Fact Check: Has COVID-19 Had No Impact on Overall US Deaths This Year?

False reports and claims about COVID-19 cases can cause people to ignore the serious consequences of failing to take precautions that might affect them, their family members and friends.

Bob Anderson, chief of the Mortality Statistics Branch at the National Center for Health Statistics at the CDC, said false claims put people's lives in danger.
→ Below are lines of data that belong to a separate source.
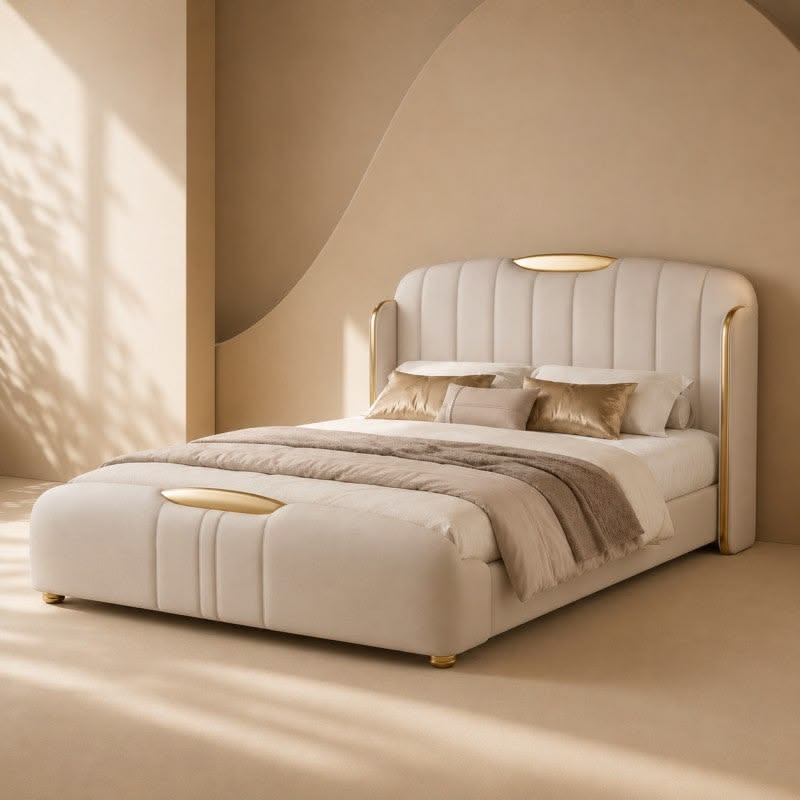 Premium Queen Bed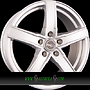  SX100 6,5x16 5x100 ET38.00 metallic silver (ms)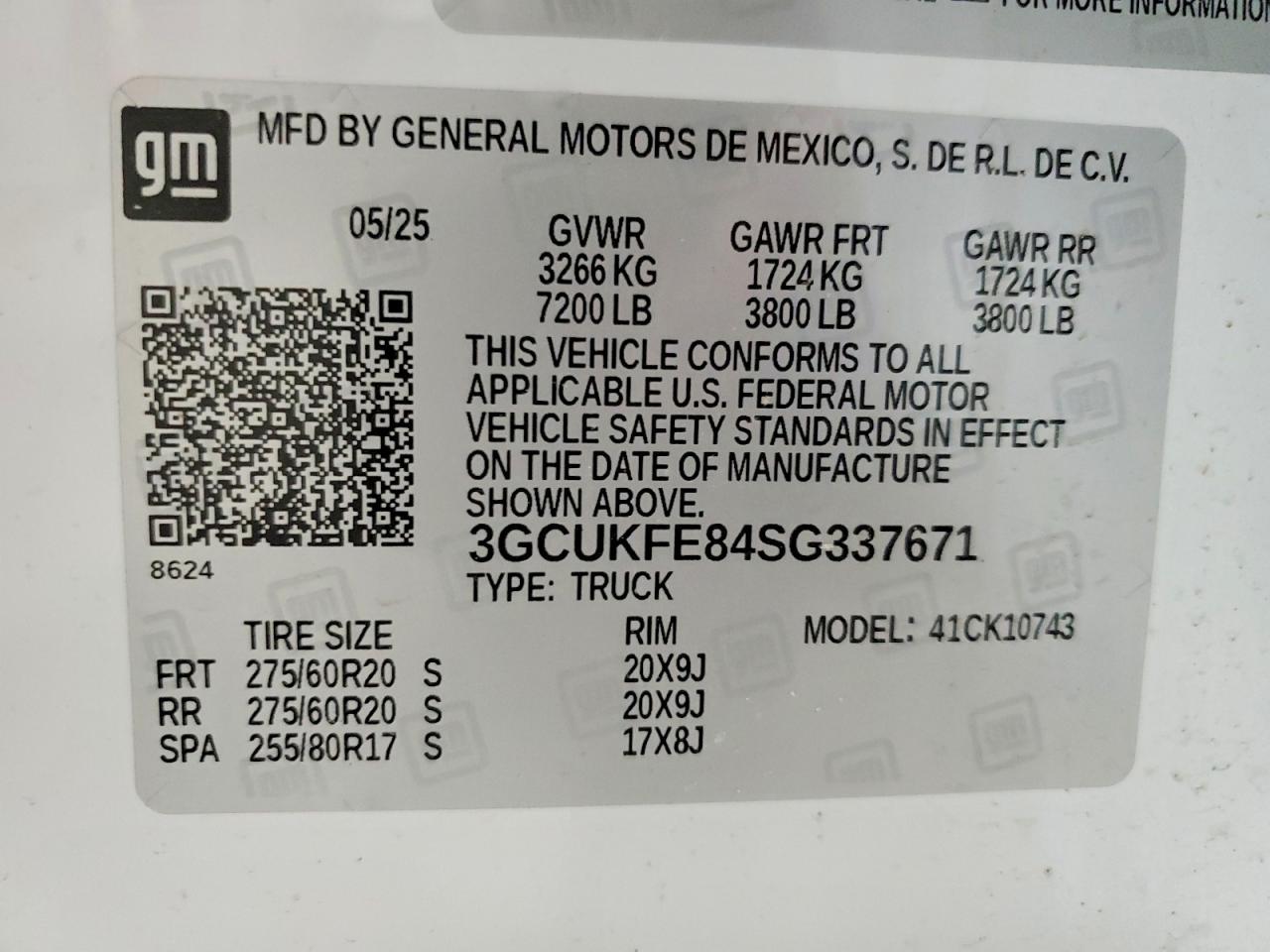 2025 Chevrolet Silverado K1500 lt Trail Boss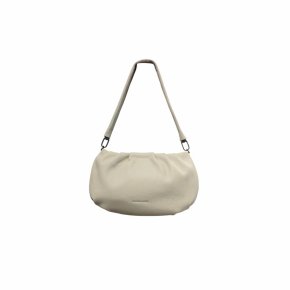 Aunts & Uncles Pearl Schultertasche chalk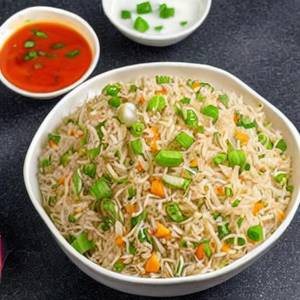 Mixed Fried Rice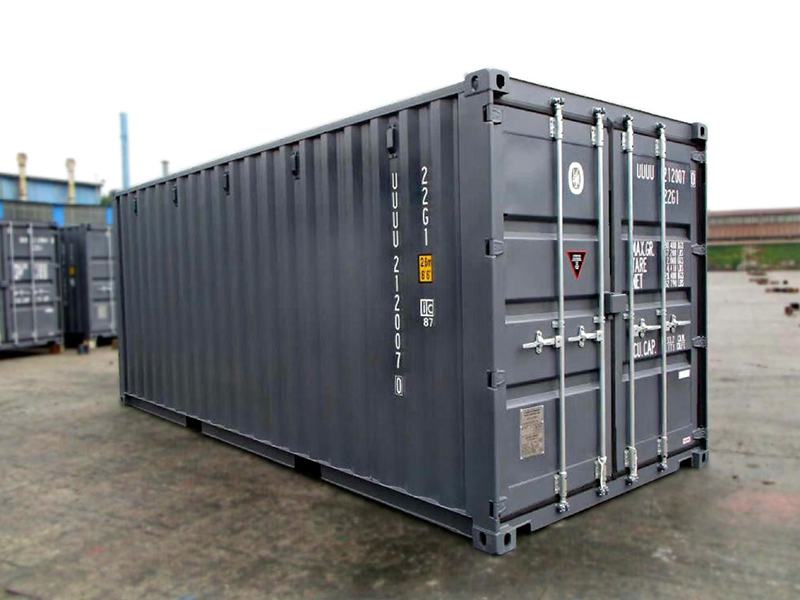 Container Center 24 aus Hamburg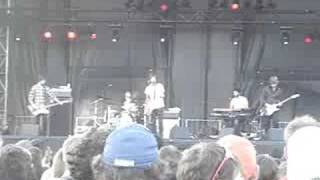 Sam Roberts No Sleep Live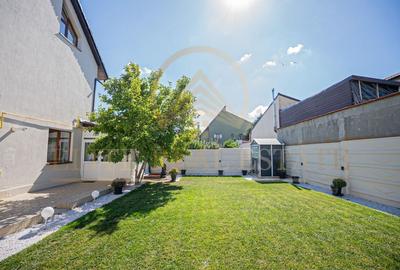 Ovidiu Sud - Zona premium - Vila impozanta, curte mare, garaj, terasa! - 45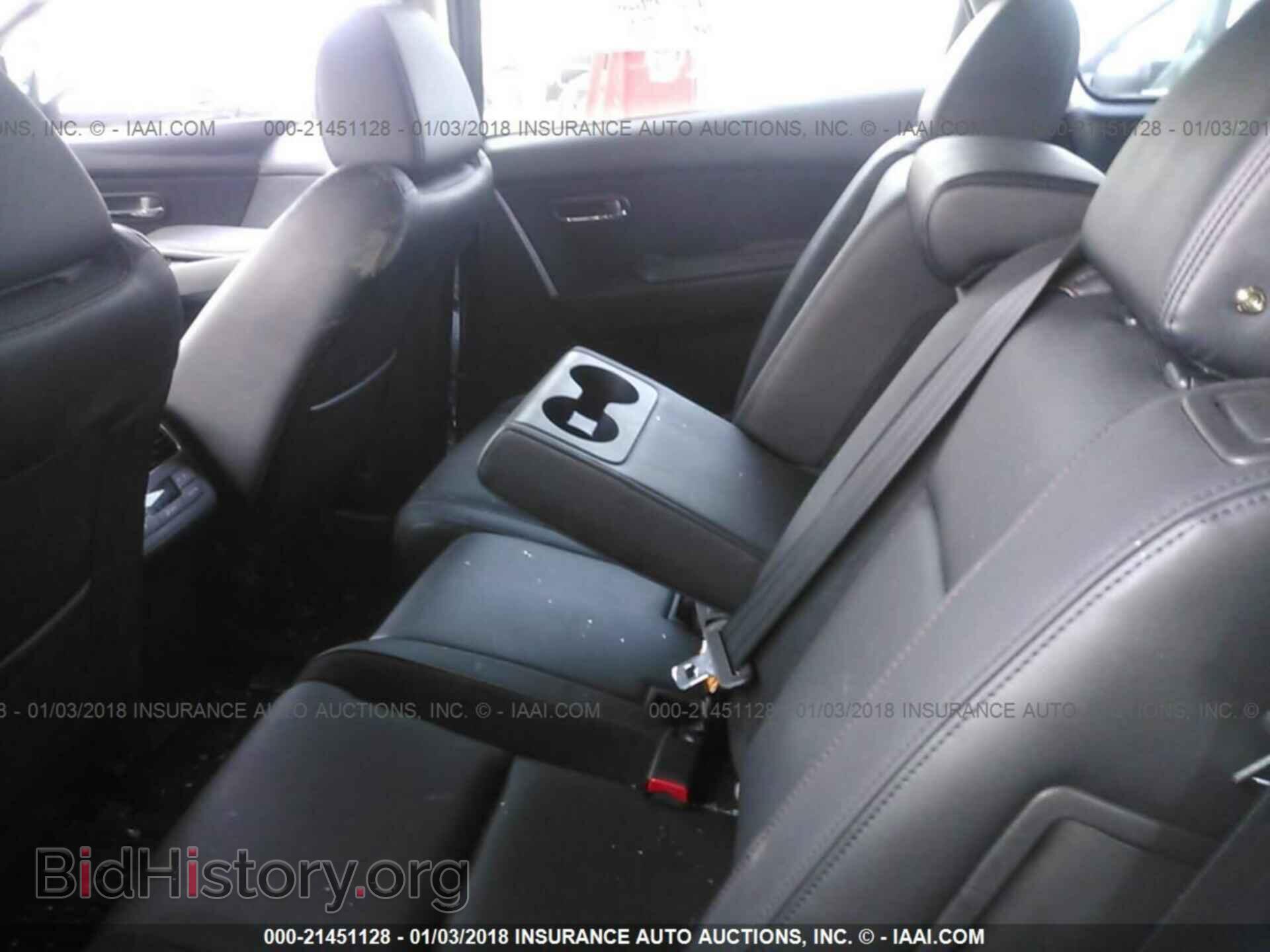 2014 Mazda Cx-9 - VIN: JM3TB3CV8E0431409 - Фото 8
"In this particular instance, this misinformation may cause people to not take this virus serious, not to do their due diligence in terms of preventing the spread," Anderson told Newsweek. "That's the biggest risk of misinformation."

The Claim

In late November, the student-run Johns Hopkins News-Letter published a story, since retracted, about a study claiming that there have been no extra deaths, known as "excess deaths," in the U.S. this year from COVID-19 compared to deaths expected in an otherwise normal year.

coronavirus testing
People walk into a COVID-19 testing site on December 2, 2020, in San Fernando, California. Mario Tama/Getty

The Facts

This year, there have been nearly 300,000 excess deaths attributed to COVID-19, as of early October, according to Centers for Disease Control and Prevention (CDC) data.

The story was published on November 22, then taken down, with a retraction published on November 27. The retraction said the study cited in the story "has been used to support dangerous inaccuracies that minimize the impact of the pandemic."

Anderson said taking down the story was warranted.

"The study was retracted by the newsletter for a reason," Anderson said. "It's because it wasn't very good at all."

The student-run publication said its decision was made "to stop the spread of misinformation," and it acknowledged that it had inaccurately claimed that there was "no evidence that COVID-19 created any excess deaths" and that number of total deaths were "not above normal death numbers."

The story, titled "COVID-19 Deaths: A Look at U.S. Data," reported on a webinar by Genevieve Briand, assistant director of the master's in Applied Economics program at the Johns Hopkins Krieger School of Arts and Sciences. The webinar was predicated on Briand's analyses of publicly available data from the CDC.

In its retraction, the Johns Hopkins student publication said Briand is neither a medical professional nor a disease researcher.

The publication recognized it fell short of "our responsibility as journalists to provide a historical record. Briand's study should not be used exclusively in understanding the impact of COVID-19, but should be taken in context with the countless other data published by Hopkins, the World Health Organization and the Centers for Disease Control and Prevention (CDC)."

The story, illustrated with a graph compiled by Briand, repeated claims that, "These data analyses suggest that in contrast to most people's assumptions, the number of deaths by COVID-19 is not alarming. In fact, it has relatively no effect on deaths in the United States."

But data from the CDC contradict the original story's reporting, as well as Briand's analyses and claims.

"As of October 15, 216,025 deaths from COVID-19 have been reported in the United States; however, this might underestimate the total impact of the pandemic on mortality," according to the CDC.

"Overall, an estimated 299,028 excess deaths occurred from late January through October 3, 2020, with 198,081 (66%) excess deaths attributed to COVID-19," according to a report on the CDC's website. "Excess deaths are defined as the number of persons who have died from all causes, in excess of the expected number of deaths for a given place and time."

Briand's disputed claims have been repeated by other news outlets and on social media.

WBCK-FM, a Battle Creek, Michigan, news and talk radio station, published a story about the student newsletter's piece on its website December 1 under the headline, "Johns Hopkins University Researcher Finds Death Rate Before And After COVID The Same." The station's story repeated the same claims.

The Ruling

False.

Other news media outlets have debunked the story and the claims. On December 3 under the headline, "Major problems with viral story about Johns Hopkins 'study' on COVID-19 deaths," SFGate reported that the false narrative that COVID-19 hasn't led to an increase in deaths in the U.S. this year was "sweeping the right-wing media ecosystem, amplified on by massively viral tweets."

More importantly, though, data from the CDC contradicts the claim, with an estimated 299,028 excess deaths through October 3, including 198,081 (66 percent) attributed to COVID-19.